The Rise And Rise Of Michael Rimmer (1970, 100 minutes)
Set squarely in the golden age of British television and film satire, or maybe it was the copper age. Or possibly zinc? One of those, for sure … The Rise And Rise Of Michael Rimmer falls in between Monty Python’s Flying Circus and Fawlty Towers, two side-splitting TV shows that featured, among others, the comic genius of John Cleese. He’s that gangly fellow over there whose gait is a mixture of the Nazi goose-step and the gravity-defying amble of the common stick-bug and whose demeanor is that of someone eager to please. Perhaps too eager.
Although Cleese did write Michael Rimmer, the movie actually stars his co-writer (and Beyond The Fringe member), Peter Cook, as Michael Rimmer, the new hire of a small, under-performing London advertising agency.

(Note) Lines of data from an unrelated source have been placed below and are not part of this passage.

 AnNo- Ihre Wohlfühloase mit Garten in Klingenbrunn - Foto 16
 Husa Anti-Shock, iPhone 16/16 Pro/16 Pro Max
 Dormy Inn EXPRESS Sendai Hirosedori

Well, not really a “hire,” as such. Rimmer appears one morning at the firm’s front desk with clipboard and stop-watch in hand, and follows the fellow in front of him upstairs into the office. He watches as the man in front punches Mr. Ferret (Arthur Lowe) in the nose. “Just cancelling our contract,” says the puncher, smiling at Rimmer.

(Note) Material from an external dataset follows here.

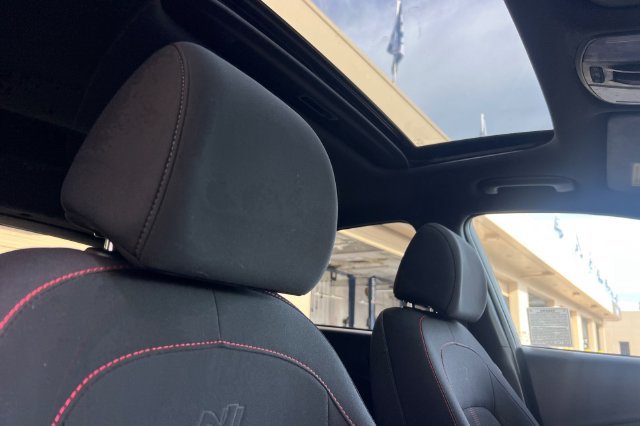 Used 2023 Hyundai Kona N Line w/ Cargo Package FWD image 21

For the rest of the day, Rimmer follows the firm’s employees around, making notations on his clipboard while uttering pleased sounds like “A ha,” and “Ah, yes.” Mr. Federman (Dudley Foster) is speaking on the telephone as Rimmer enters his office. “Read those figures back again, will you?” he says, a piece of chalk in hand to transfer the data to a blackboard on the wall. “That’s two pounds on Lively Lady to win and a fiver on The Groper.” Startled by Rimmer, Federman turns around and says, “And who are you?” “Rimmer, coordination,” answers Rimmer, smiling.

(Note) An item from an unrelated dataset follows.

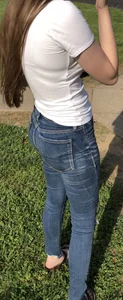 Friend’s Ex-Gf
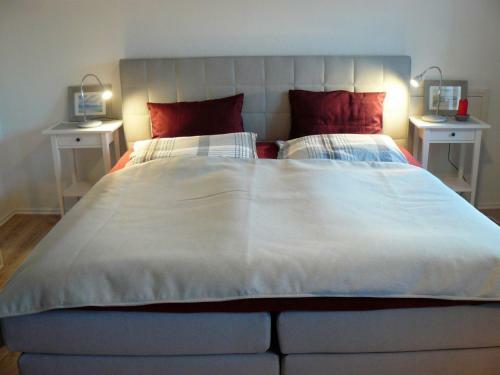 Apartamento Ferienwohnung "seidler"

Rimmer interrupts Mr. Pumer (Cleese), a large number “15″ scrawled on his back, practicing the tango to “Hernando’s Hideaway” for an upcoming dance contest with his wife. “It’s my coffee break,” says Pumer weakly. “And I don’t actually drink coffee.” Rimmer watches as Ferret gropes the thigh of Tanya, one of the office’s mini-skirted female employees, as she’s reaching for something at the top of a ladder.
Rimmer even strolls into the office loo and takes notes as Pumer unzips and stands nervously in front of a urinal, all the time looking over his shoulder. Pulling a towel from the dispenser, Pumer brings the entire apparatus crashing to the floor. Federman enters and pops into one of the stalls. He spends about 10 seconds inside before flushing, smiling at Rimmer, then quickly departing the lavatory after forgetting to wash his hands—as documented on the clipboard. “If it’s all right by you, sir, I’ll take the empty office next door,” says Rimmer to Ferret at the end of the day. “Oh, good, yes,” replies Ferret. “Look, tell you what, why don’t you take it over?”